The unpleasant evidence reflecting what one reader of this blog has dubbed the “militant ignorance” of the Saipan locals — which runs depressingly parallel to the thoroughly propagandized U.S. populace — is on display in the comments sections that follow each of the several stories run locally, the most recent of which, “Amelia Earhart monument to help boost NMI tourism, says local author,” was published on May 13. Only a small fraction of the architect’s initial $200,000 estimate for the monument has been raised.
Undeterred, Marie, 86, refuses to surrender to the mindless crowd in her quest to achieve long-denied justice for Amelia Earhart and Fred Noonan. She is becoming an iconic figure in the Saipan community, slowly and begrudgingly recognized for her courage and unflappable determination. Marie’s latest initiative is the identification and elucidation of 10 reasons that the Amelia Earhart Memorial Monument should be built on Saipan.
Forthwith are the reasons that Marie and the AEMMI have advanced, introduced by a personal note from Marie Castro herself.
Dear Friends in the United States and our People of Saipan,
It is our desire to extend our sincere gratitude and appreciation in joining this significant, worthy cause to recognize and acknowledge the two great aviators, Amelia Earhart and Fred Noonan. When their plane came down in the Pacific in July 1937, they were brought to Saipan by the Japanese military.
We cannot continue to deny and ignore the great courage, the unimaginable sacrifice they endured under the Japanese regime for the cause of humanity. Many reasons for building the Amelia Earhart Memorial Monument are expressed loud and clear in the book Amelia Earhart: The Truth at Last by Mike Campbell. Here are some that immediately suggest themselves:
1. In 1937 Amelia Earhart and Fred Noonan entered into the historical record of Saipan. Whether the fact is recognized or not, the fliers became the first American casualties of World War II. Amelia was not executed, but she contracted dysentery and was cremated. According to witnesses, Jose Sadao Tomokane attended the cremation of the American woman pilot.
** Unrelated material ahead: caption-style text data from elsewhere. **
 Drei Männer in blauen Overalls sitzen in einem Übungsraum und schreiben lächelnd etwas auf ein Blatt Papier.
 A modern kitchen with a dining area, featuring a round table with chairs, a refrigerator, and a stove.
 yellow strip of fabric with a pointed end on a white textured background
2. Saipan has an obligation to recognize and give every human being the honor and respect they deserve. Although it was impossible to do such a thing under the Japanese regime, 82 years and counting is far too long for the two fliers who met their final days on Saipan soil to be honored.
3. Many of our elders saw Amelia Earhart and Fred Noonan on Saipan in days, weeks and months following their arrival here in the summer of 1937, beginning with the well-known sighting by Josephine Blanco in summer 1937, which began the modern day search for Amelia Earhart.
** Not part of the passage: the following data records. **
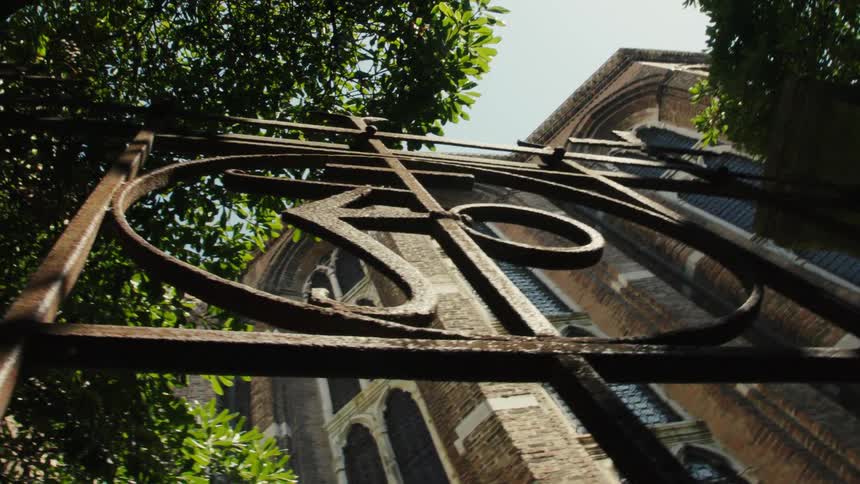 Ironwork containing an abstract symbol stands near a historic building on a summer day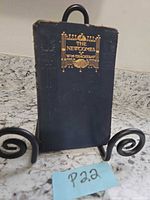 Front view of hardcover book on stand showing cover design
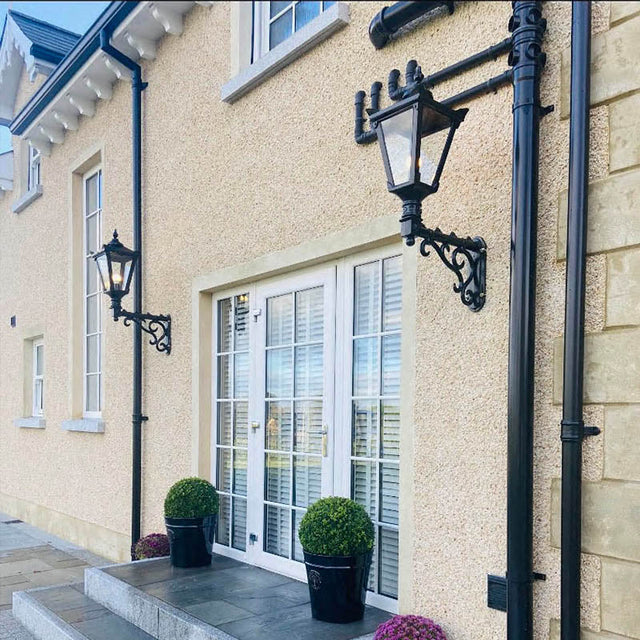 Victorian traditional cast iron wall light with decorative arm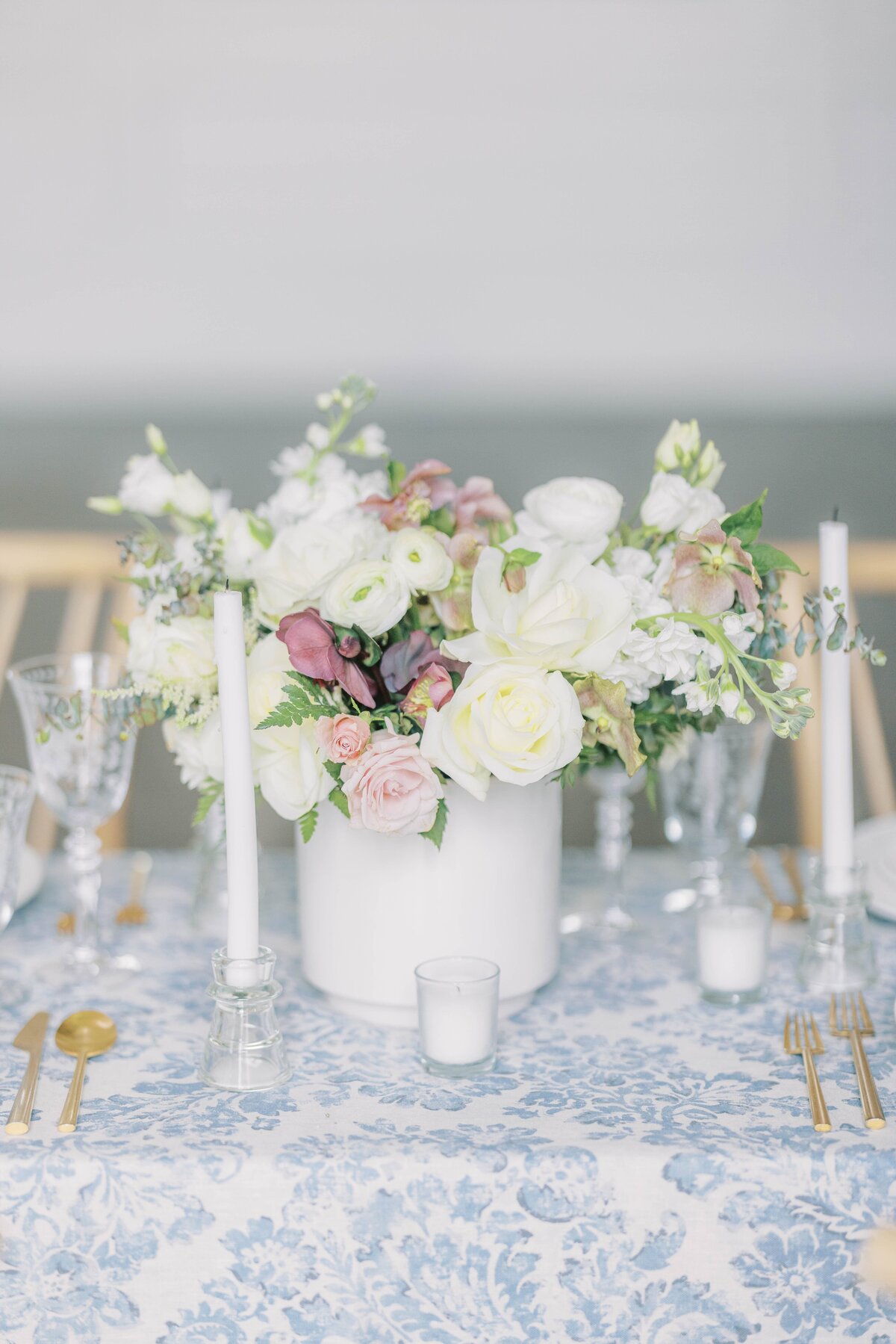 beautiful table setting with blue table cloth and white and pink flower bouquet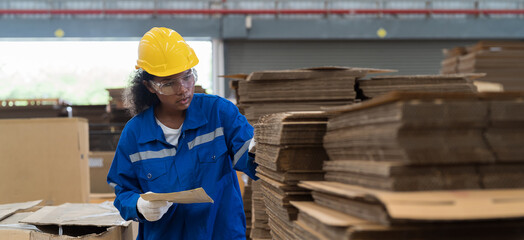 Female warehouse worker working and inspecting quality of cardboard in corrugated carton boxes...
4. Amelia Earhart was a pioneer in the male-dominated aviation field. She was the first female aviator to fly solo across the Atlantic Ocean, and was also a best-selling author who wrote about her adventures as an aviator. Among her many accomplishments, she was instrumental in forming an organization of female pilots called the Ninety-Nines. While Amelia earned the respect and admiration of people all over the world, in the Commonwealth of the Northern Mariana Islands, Amelia’s statue will inspire the daughters of the CNMI to embrace Amelia’s pioneering spirit and aspire towards fulfilling their utmost potential.
5. Saipan would become widely recognized internationally and our island’s history and culture would attract worldwide attention.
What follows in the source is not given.